Roger Zelazny, Michael Whelan (Illustrator), David G. Grubbs (Editor), Christopher S. Kovacs (Editor), Ann Crimmins (Editor)

The Road to Amber is the final volume of the Collected Stories of Roger Zelazny. This volume covers his final years from 1990 - his death from colorectal cancer in 1995.

I'm going to do something a bit different for this review than for the previous five. For those my review and evaluation were based mostly on the stories they contained. But that's not really fair to the Zelazny Editor Dream Team of David G. GrubbsChristopher S. Kovacs, and Ann Crimmins (whom I will henceforth call GKC), who put this massive collection together, and NESFA Press, which published it in six beautifully produced hardback volumes, not to mention A Pictorial Bibliography, which I will review presently. (NESFA is New England Science Fiction Association.) I can't help but feel that I've been unfair to GKC by not giving them a five-star rating of their own, so that's what I'm going to do here.

Roger Zelazny (1937-1995) is one of the all-time greats of science fiction. His work has been widely praised, won all the awards, and is still popular. The Collected Stories of Roger Zelazny is an extraordinary resource for Zelazny scholars. I would not dare call myself a Zelazny scholar, but I am a scholar of other fields, and recognize what GKC have done. It is especially valuable because Zelazny's greatest gift was writing short stories. (The Collected Stories of Roger Zelazny is slightly misnamed, however, because it includes almost all Zelazny's short works -- that includes poetry and essays as well as stories.
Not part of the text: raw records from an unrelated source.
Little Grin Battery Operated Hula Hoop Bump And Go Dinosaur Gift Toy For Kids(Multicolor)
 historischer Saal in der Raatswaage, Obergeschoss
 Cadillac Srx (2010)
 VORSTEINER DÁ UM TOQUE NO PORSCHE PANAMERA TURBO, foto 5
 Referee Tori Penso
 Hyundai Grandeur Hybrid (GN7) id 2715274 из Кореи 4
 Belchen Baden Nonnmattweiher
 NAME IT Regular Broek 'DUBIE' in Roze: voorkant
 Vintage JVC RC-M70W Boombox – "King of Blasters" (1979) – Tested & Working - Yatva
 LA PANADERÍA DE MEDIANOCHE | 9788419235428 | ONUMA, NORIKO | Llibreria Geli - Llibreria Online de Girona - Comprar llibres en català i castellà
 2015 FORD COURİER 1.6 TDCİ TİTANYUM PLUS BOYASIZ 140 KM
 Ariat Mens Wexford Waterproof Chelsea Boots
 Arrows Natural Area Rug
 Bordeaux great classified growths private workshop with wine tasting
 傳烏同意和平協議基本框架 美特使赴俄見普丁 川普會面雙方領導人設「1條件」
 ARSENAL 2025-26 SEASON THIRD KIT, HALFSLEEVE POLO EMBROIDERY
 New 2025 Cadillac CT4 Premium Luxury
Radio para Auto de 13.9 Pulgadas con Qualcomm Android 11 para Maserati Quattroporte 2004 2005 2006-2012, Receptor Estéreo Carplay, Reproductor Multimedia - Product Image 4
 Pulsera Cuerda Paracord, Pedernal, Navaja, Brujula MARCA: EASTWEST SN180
GKC did yeoman's work in collecting even formerly unpublished fragments.) Zelazny wanted to write, and did, almost from the moment he learned to read. His first love was poetry. In college, however, he recognized that if he wanted to earn a living as a writer, poetry was not a real option. (As he wrote, Robert Frost and Carl Sandburg were the only Americans doing it.) Thus he switched to stories. Later he recognized that, word-for-word, novels pay better than stories, and directed most of his effort in that direction. But he still loved stories best and never ceased to write them until his death.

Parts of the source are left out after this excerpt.